Is the 2025 Nobel Peace Prize the next to be trashed?
Talking of tone deaf and morally repellent, Donald Trump has been openly lobbying to receive the Nobel Peace Prize despite having killed thousands of people and bombed multiple countries this year. Interestingly, the 2024 Nobel Peace Prize winner was Nihon Hidankyo (Japan's Atomic Bomb Survivors Organization).
In his acceptance speech last year, Terumi Tanaka, one of the Co-Chairpersons of Nihon Hidankyo, said that the organisation was created in 1956 “to demand the immediate abolition of nuclear weapons, as extremely inhumane weapons of mass killing, which must not be allowed to coexist with humanity.”
New Zealand is a genocide enabler.
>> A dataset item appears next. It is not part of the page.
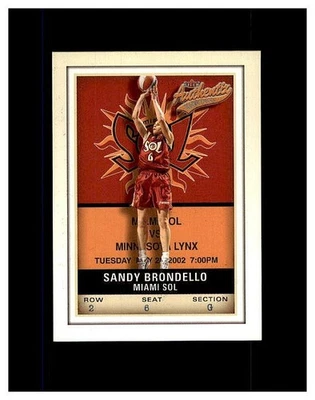 2002-03 Fleer Authentix WNBA Sandy Brondello #36 MIAMI SOL MINT - Image 1 of 2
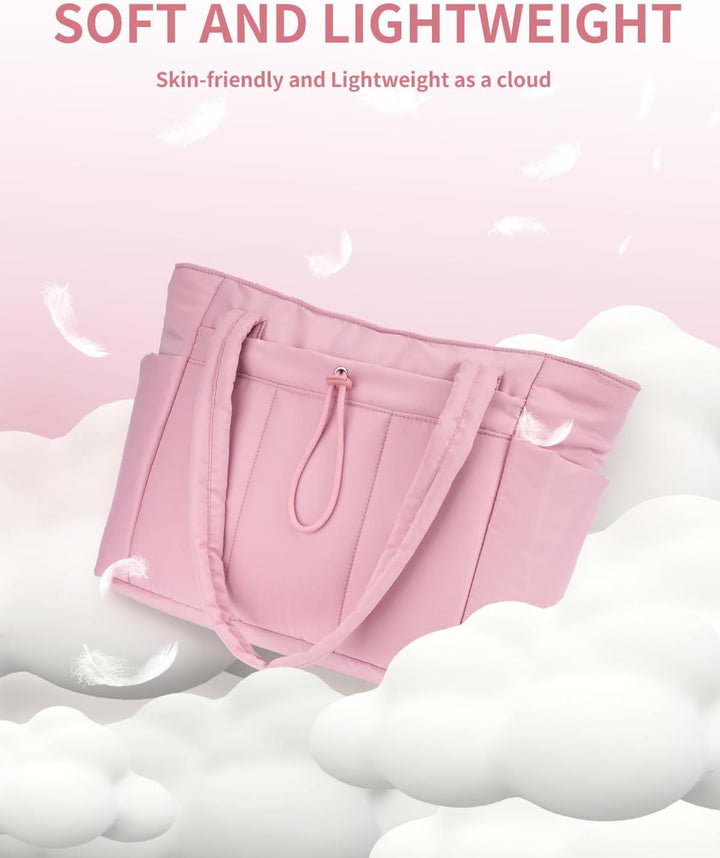 Pojemna damska tote torba na laptopa z bezpieczną kieszenią na kubek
What happened to our soft power?
As a New Zealander I am deeply ashamed of my country for having refused to attend last year's ceremony and for its criminal complicity with Israel today. New Zealand’s tragic trajectory from humanitarian champions and nuclear-free pioneers to racist genocide enablers is captured in all its horror in next month’s Nagasaki commemorations.
New Zealand, the country that went to the brink of civil war in 1981 to stop sporting contact with Apartheid South Africa is now a fully-paid up member of Apartheid Israel’s war on Palestine. Everywhere our government is tearing down the pillars built by decades of struggle in New Zealand. The anti-nuclear policy, the anti-apartheid victories, the non-aligned foreign policies, the sacred principles of partnership between indigenous Maori and the Pakeha (those who settled from Europe and elsewhere) are all being shredded.
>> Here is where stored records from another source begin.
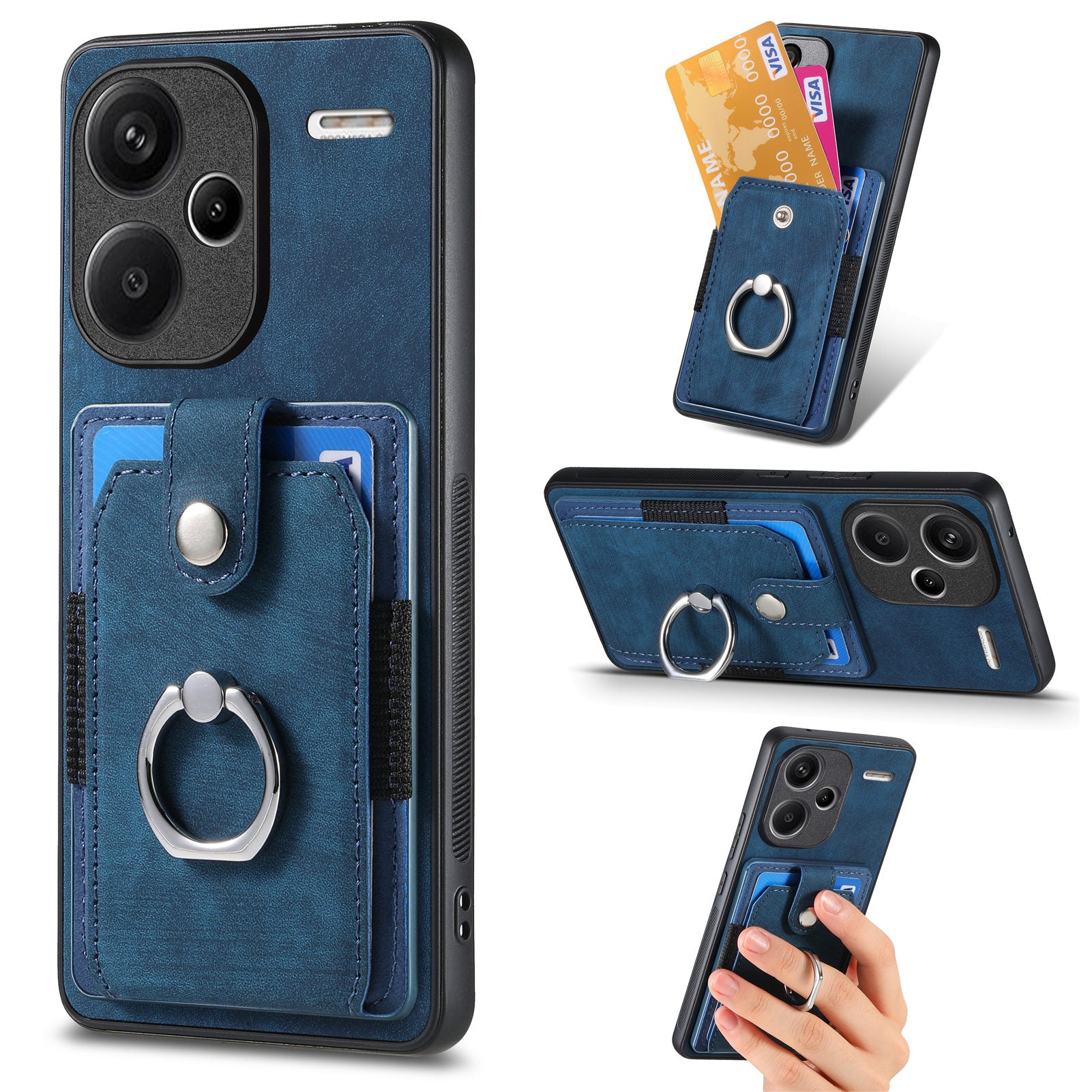D2 For Xiaomi Redmi Note 13 Pro+ 5G Ring Phone Protective Cover Phone Card Holder Kickstand D2 For Xiaomi Redmi Note 13 Pro+ 5G Ring Phone Protective Cover Phone Card Holder Kickstand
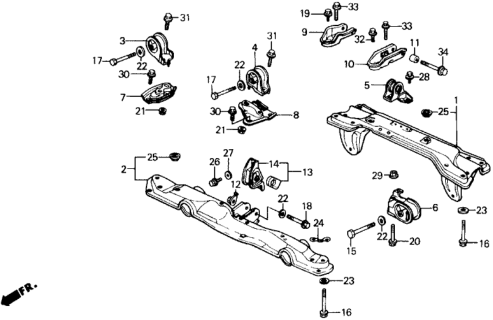 1988 Honda Civic Rubber Assy., RR. Engine Mounting (AT) Diagram for 50810-SH3-980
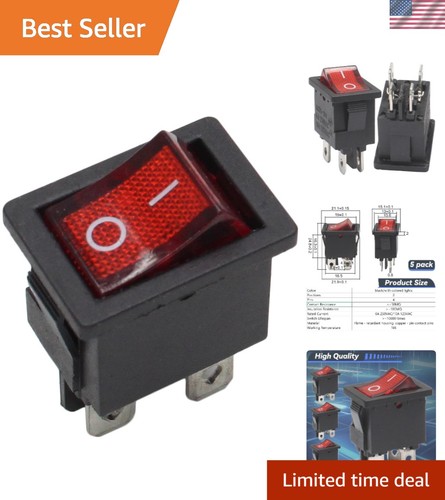Compact red illuminated rocker - illuminated,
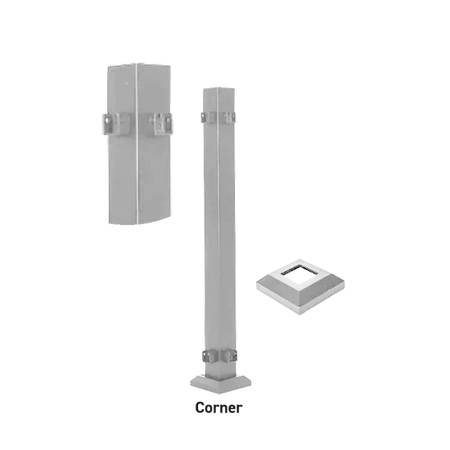 Fortress AL13 Home 3inx3in Posts-Black Sand-45-1/2in-Line Post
We refuse to recognize Palestine, we refuse to join South Africa’s case against Israel at the ICJ, we refuse to join the Hague Group which is mobilising countries to make those responsible for the genocide accountable and to shoulder state-level responsibility for forcing the end to it. But we mobilise to get Israel invited to the Nagasaki peace events.
From Auschwitz to Nagasaki to Gaza: whatever happened to Never Again? Whatever happened to our decency? The Australian journalist Caitlin Johnstone wrote this month “If you're still supporting Israel in the year 2025, there's something seriously wrong with you as a person.” That goes triple for governments.